A consequência mais nefasta do desenvolvimento como argumento de autoridade é de criar um país que não consegue se erguer e ficar sobre os próprios pés por causa do peso das expectativas que sobre ele recaiem: é proibido ter pobres, toda a gente tem que ter acesso ao ensino, saúde, alimentação, todos os direitos usufruidos pelos cidadãos dos países chamados desenvolvidos têm que ser alargados imediatamente a todos. O verdadeiro sentido do desenvolvimento como argumento de autoridade está mesmo na dificuldade de contrariar as suas intenções. No mesmo momento em que deploro as boas intenções do desenvolvimento tenho que justificar a minha posição. Tenho que esclarecer que não estou contra o combate à pobreza, doença, analfabetismo, má-nutrição e opressão. Procuro simplesmente chamar atenção para o facto de que a forma como estas coisas devem ser realizadas não conduz necessariamente ao desenvolvimento.

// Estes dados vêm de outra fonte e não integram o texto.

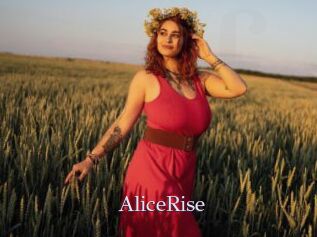 AliceRise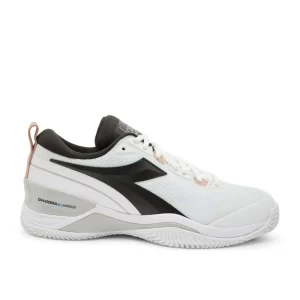 Diadora Speed Blushield 5 W Clay - buty tenisowe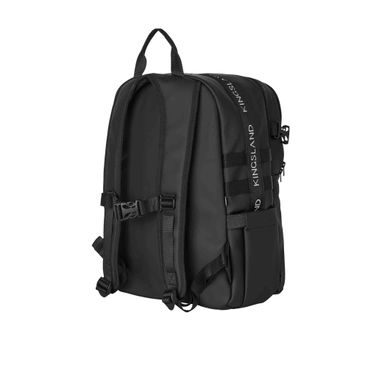 Taška Eskadron Heritage Shopper Bouclé Kolekce 2025/26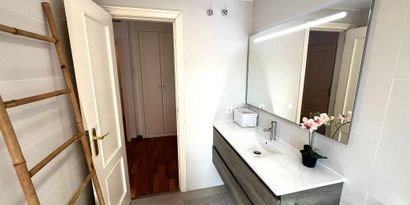 Недвижимость picture 12 Ref R28370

Deixa o País atolado na lama de expectativas que não pode satisfazer.
Desenvolvimento como argumento da causa falsa
Para poder discutir este assunto recorro ao empiricismo radical do filósofo escocês do século XVIII, David Hume. Retiro desse empiricismo radical a rejeição do argumento causal e retenho, para os meus propósitos aqui, a posição de Hume segundo a qual o único que nos permite estabelecer uma relação causal entre dois fenómenos é a experiência. Dito doutro modo, é a observação da sucessão temporal de dois fenómenos que nos permite dizer que um é a causa de outro. A causalidade em si escapa à nossa observação.
É um pouco com base nesta ideia que a indústria do desenvolvimento estabelece relações causais entre o desenvolvimento, como efeito, e democracia, economia de mercado ou mesmo cristianismo como causas. Como qualquer olhar de relance à História nos pode facilmente mostrar, esta relação é algo coxa. A ideia de que a democracia liberal, a economia de mercado ou mesmo a ética religiosa cristã são condições necessárias e suficientes do desenvolvimento constitui um argumento da causa falsa, pois não há um único exemplo no mundo de países que chegaram onde estão hoje por via da criação consequente dessas condições. A maior parte dos países europeus desenvolveu-se com base em sistemas políticos que só nos últimos sessenta anos – após a Segunda Guerra Mundial – é que se começaram a abrir verdadeiramente. Até muito recentemente, as mulheres não podiam votar na Suíça, muito mais tarde do que a Turquia que foi o primeiro país a introduzir o direito de voto para as mulheres! Muitos dos países que se desenvolveram mais tarde – os tigres asiáticos – fizeram-no na base de sistemas políticos ditactoriais e, para meter sal na ferida, com base em sistemas económicos altamente proteccionistas. O grande cientista social egípcio, Samir Amin, já fez um reparo pertinente sobre o Haiti: no século XVIII, o Haiti tinha uma das economias mais abertas e integradas no sistema mundial, mas nem por isso logrou um desenvolvimento digno de nota.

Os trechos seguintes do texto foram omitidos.